Aku masih kehilangan kata-kata dalam memahami betapa tegarnya dirimu, Mia. Betapa berlikunya hidup bagai ombak yang tak juga temaram. Mungkin dalam mencoba mengantar kata-katamu kemudian, diriku pun akan turut paham. Betapa manusia dengan segala cobaan, bagai sepotong bambu mengakar kuat yang tak juga terpatahkan akan berbagai macam angin kehidupan.

C’est la vie. Ya, beginilah hidup, Mia. Beginilah.

 

Amritsar, 22 Oktober 2019

 

*catatan awal proses penerjemahan naskah Mia Bustam, Sudjojono dan Aku

 

Navratri

: Amritsar

Siapa yang bisa membayangkan, jika ketibaan itu tepat di sembilan hari pemujaan untuk Dewi Durga. O, yang menguasai malam kegelapan. O, yang menguasai kematian. Telah lama makam-makam kutinggalkan. Telah lama kegelapan itu pekat mewarnai kehidupan.

Lalu akhirnya di banyak pagi yang tiba, kuil emas menyongsong dan memancarkan cahayanya ke seluruh penjuru. Di hari kesekian aku melihat Bapakku dan kepadanyalah aku menuliskan surat demi surat.

Di Kuil itu, aku meminta pertolongan segala Dewa Dewi yang menjagaku. Yang selalu bersamaku. Udara pasar berubah di hari-hari tertentu. Bau chai di Hall Bazaar mengundangku ke beberapa pintu. Di sekian pintu yang terketuk dan terbuka, jodoh-jodoh karma mulai dibuka. Transaksi mulai dilakukan. Suara tawa riuh. Segalanya mulai bertukaran. Inilah jalur sutra tua itu lagi. Ingatan-ingatan pasar dan persahabatan yang kentara.

India selalu membuat kepulangan terasa haru. Ketika langit sudahlah atap dan bumi adalah rumah yang luas. Beginilah, segera genderang benderang dibunyikan. Semua alat musik tiup dibunyikan. Dan Sarangi mengiringi hari-hari. Lalu puja puji pada segala yang agung, pada yang segala suci, tersujud di lantai setiap kuil dan setiap pojokan kota ini.

Lawa dan Kusha, para putra Sita seolah mengiringi. Sekian episode Ramayana melewati semua perenunganku sekian hari belakangan. Di dapur Sita aku bersujud pada perapian. Di dapur Sita aku mengikatkan janjiku padamu dan anak-anak yang akan lahir ke depan.
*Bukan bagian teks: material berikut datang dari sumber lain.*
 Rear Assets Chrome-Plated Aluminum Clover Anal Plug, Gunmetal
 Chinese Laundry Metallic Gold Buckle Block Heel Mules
Di tengah badai pasir hari itu, entah mengapa, segalanya menuju kepadamu.

Dewa Dewi, malam ini kau mengucap, di masa penghujung Navratri. Menetapkan akhir dari segala yang gelap. Menetapkan kemenangan akan yang terang di antara kita yang tumbuh kembang.

Dalam satu nafas, satu tarikan. Disinilah kita akan tumbuh mengembang dan bagai pohon Buda di Kuil Emas, seperti itulah kokohnya cinta yang akan tumbuh, menaungi segala. Menaungi cinta dan cahaya.